Primero le había dicho: "Apéame aquí... Déjame aquí... Vete tú solo. Yo te alcanzaré mañana o en cuanto me reponga un poco." Se lo había dicho como cincuenta veces. Ahora ni siquiera eso decía. Allí estaba la luna. Enfrente de ellos. Una luna grande y colorada que les llenaba de luz los ojos y que estiraba y oscurecía más su sombra sobre la tierra.

—No veo ya por dónde voy —decía él. Pero nadie le contestaba.

E1 otro iba allá arriba, todo iluminado por la luna, con su cara descolorida, sin sangre, reflejando una luz opaca. Y él acá abajo.

—¿Me oíste, Ignacio? Te digo que no veo bien. Y el otro se quedaba callado.
Siguió caminando, a tropezones. Encogía el cuerpo y luego se enderezaba para volver a tropezar de nuevo.
—Este no es ningún camino. Nos dijeron que detrás del cerro estaba Tonaya. Ya hemos pasado el cerro.
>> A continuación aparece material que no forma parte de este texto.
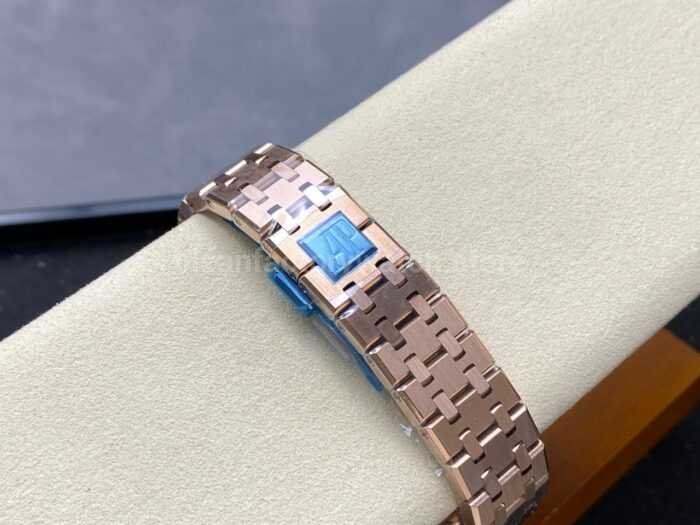 IPF Factory Audemars Piguet Royal Oak 15451OR.YY.1256OR.01 37mm Rose Gold Rainbow Diamond Bezel Champagne Dial - Image 9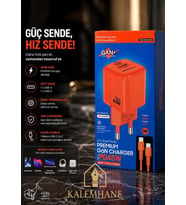 Kalemhane Gan 45w Çift Giriş Hızlı Şarj Başlığı ve Kablo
Y Tonaya no se ve, ni se oye ningún ruido que nos diga que está cerca. ¿Por qué no quieres decirme qué ves, tú que vas allá arriba, Ignacio?
—Bájame, padre.
—¿Te sientes mal?
—Sí
—Te llevaré a Tonaya a como dé lugar. Allí encontraré quien te cuide. Dicen que allí hay un doctor. Yo te llevaré con él. Te he traído cargando desde hace horas y no te dejaré tirado aquí para que acaben contigo quienes sean. Se tambaleó un poco. Dio dos o tres pasos de lado y volvió a enderezarse.
—Te llevaré a Tonaya.
—Bájame. Su voz se hizo quedita, apenas murmurada: —Quiero acostarme un rato.
—Duérmete allí arriba. Al cabo te llevo bien agarrado.
La luna iba subiendo, casi azul, sobre un cielo claro. La cara del viejo, mojada en sudor, se llenó de luz. Escondió los ojos para no mirar de frente, ya que no podía agachar la cabeza agarrotada entre las manos de su hijo.
—Todo esto que hago, no lo hago por usted. Lo hago por su difunta madre. Porque usted fue su hijo. Por eso lo hago. Ella me reconvendría si yo lo hubiera dejado tirado allí, donde lo encontré, y no lo hubiera recogido para llevarlo a que lo curen, como estoy haciéndolo. Es ella la que me da ánimos, no usted. Comenzando porque a usted no le debo más que puras dificultades, puras mortificaciones, puras vergüenzas.
Sudaba al hablar. Pero el viento de la noche le secaba el sudor. Y sobre el sudor seco, volvía a sudar.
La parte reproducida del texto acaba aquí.